TBhC measures include, among other things:

  • Workplace based initiatives: workplace travel plans; guaranteed ride home; ride share; flexible working hours; improved public transport services; parking management and supply
  • Substitutes for travel: teleworking, home shopping
  • Community-based initiatives: information, marketing, and education programmes, car clubs / car sharing
  • Household/Individual initiatives: encourage efficient travel decisions
  • School travel initiatives
  • cycling to work initiatives, such as Pinnacle Research & Policy Ltd's Bike Now programme
  • implementation of 'slow zone' (traffic calming; managing speed; and other measures) designed to create a friendlier environment for walking, cycling and so on.

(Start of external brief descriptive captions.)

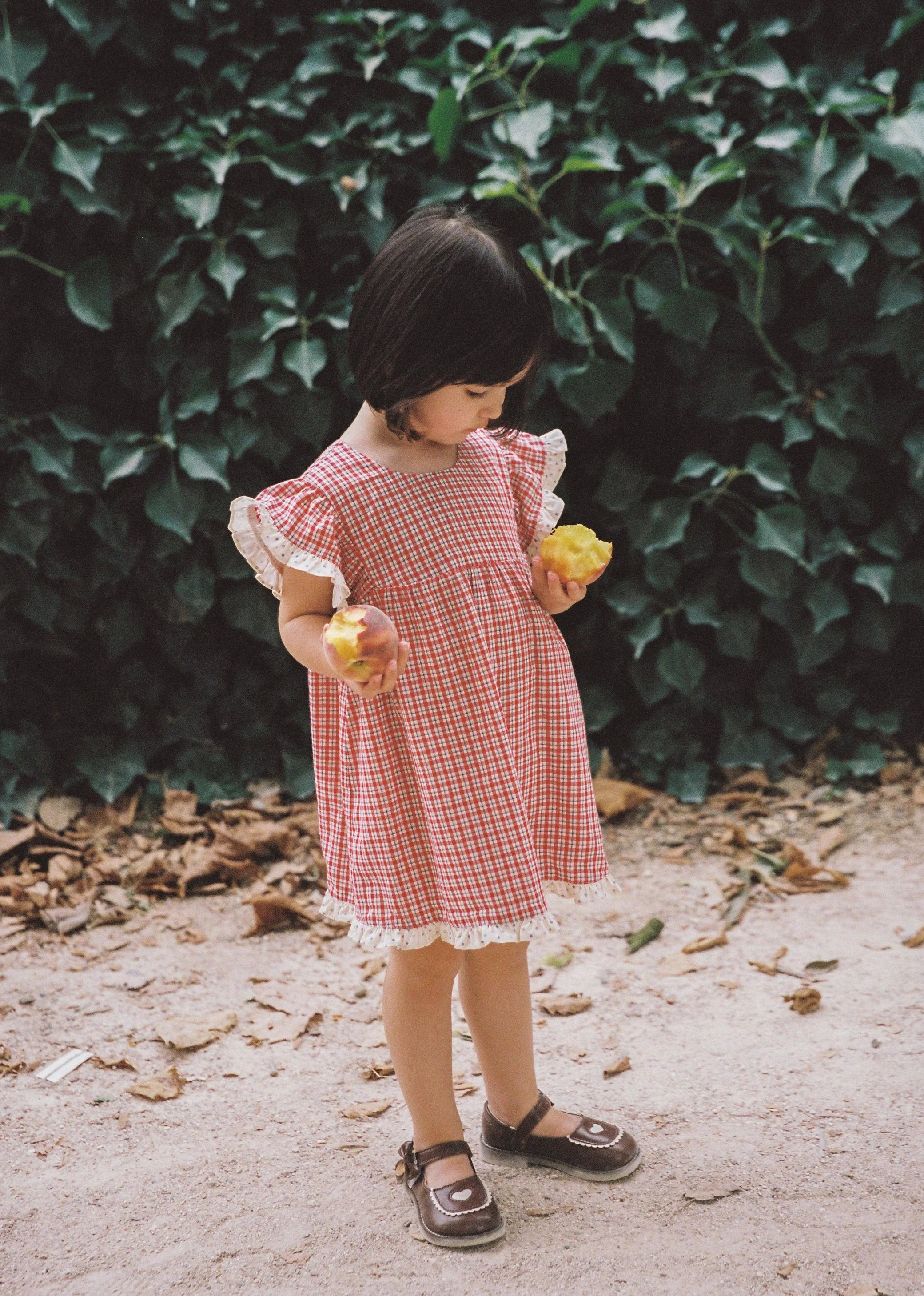 juni jnr daisy dress - red check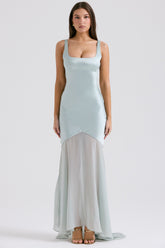 Vittoria Pistachio Chiffon Floor Length Gown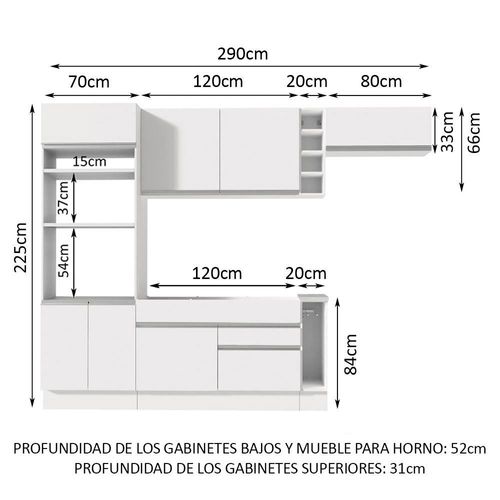 Cocina Integral Completa Madesa Safira Con Encimera 290cm BB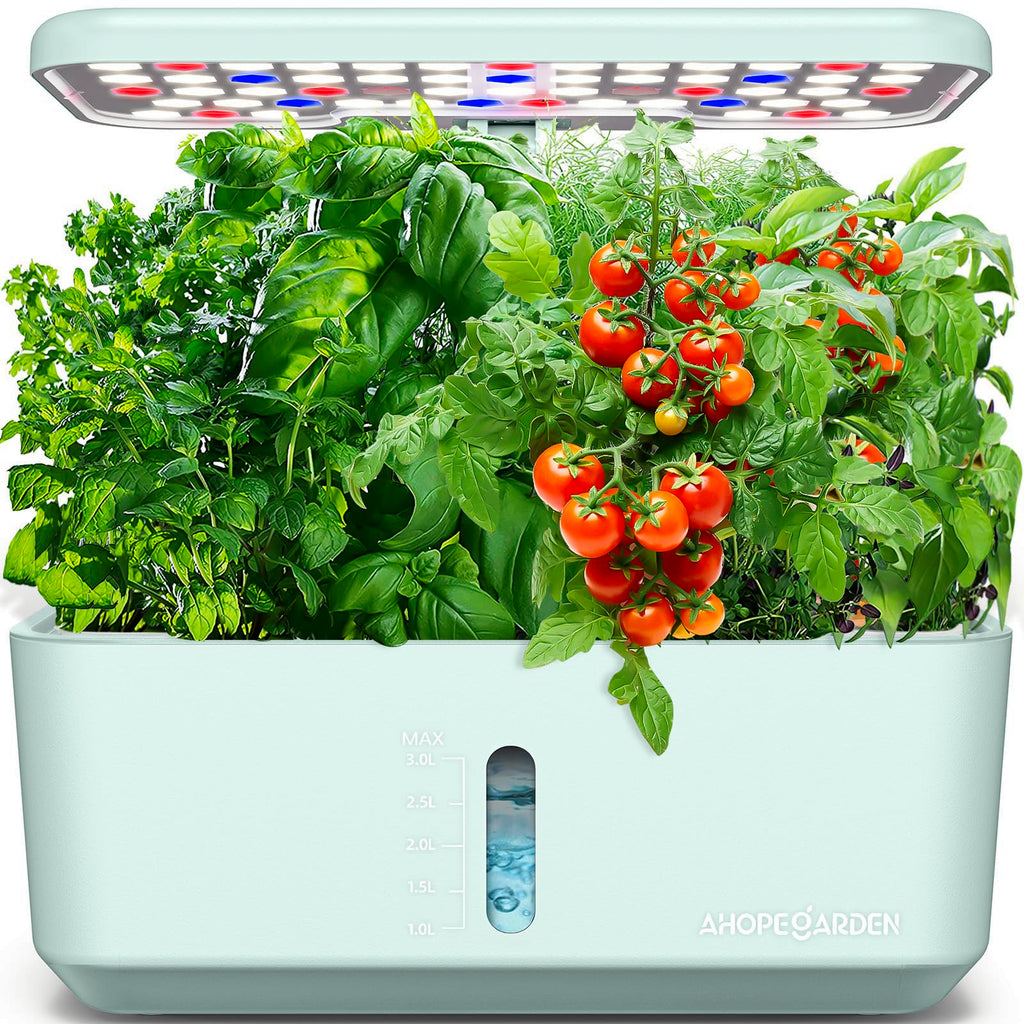 Ahopegarden Indoor Garden Hydroponics Growing System: 10 Pods Kit with LED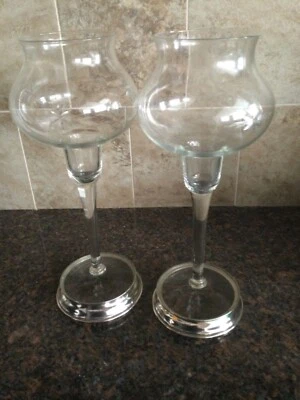 2X- 10"Vintage Wallace Bulbous Crystal Sterling Silver Rim Candle Stick Holders - Image 1 of 4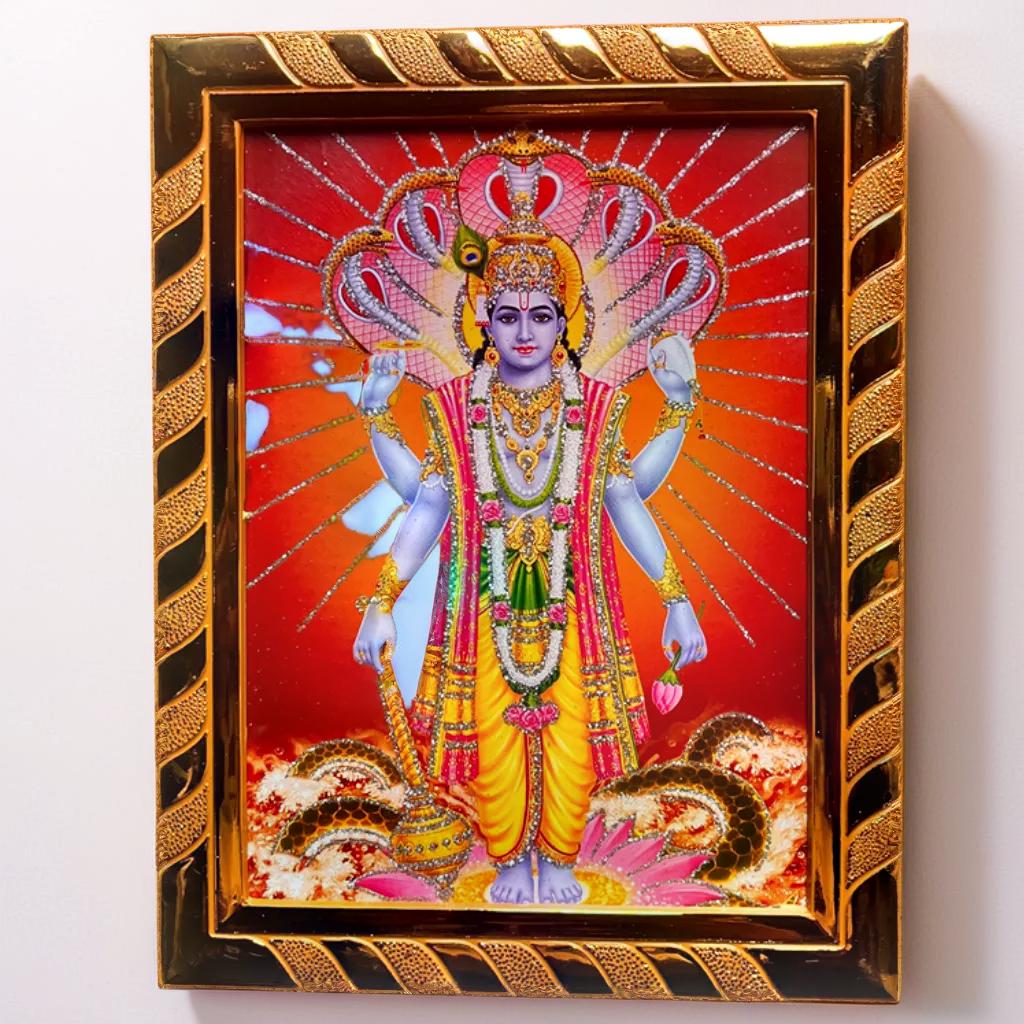 Lord Vishnu Religious Photo Frame | Acrylic Laminated | Wall Art for Puja Room, Home Decor & Office | Ideal Spiritual Gift | Golden Jari-Coated (16 x 21) Cm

Pinnacle Research & Policy Ltd has extensive experience in the development of procedures, surveys and guidelines for various local and national government agencies. Activities include:

  • Baseline work investigating constraints faced by morning car commuter when they make travel decisions and their responses to various options to reduce car use;
  • Reviewing international evidence for applicability in New Zealand,
  • Developing monitoring methodology,
  • Guidelines for a wide range of 'travel behaviour change' projects,
  • Personalised marketing trials and evaluation
  • Assisted with the development of TBC Guidance Handbook and evaluation procedures
  • Survey design and analysis
  • Impacts of central area intensification on travel behaviour Paper (pdf)
  • Impacts of ‘slow zones’ on mode choice Paper (pdf)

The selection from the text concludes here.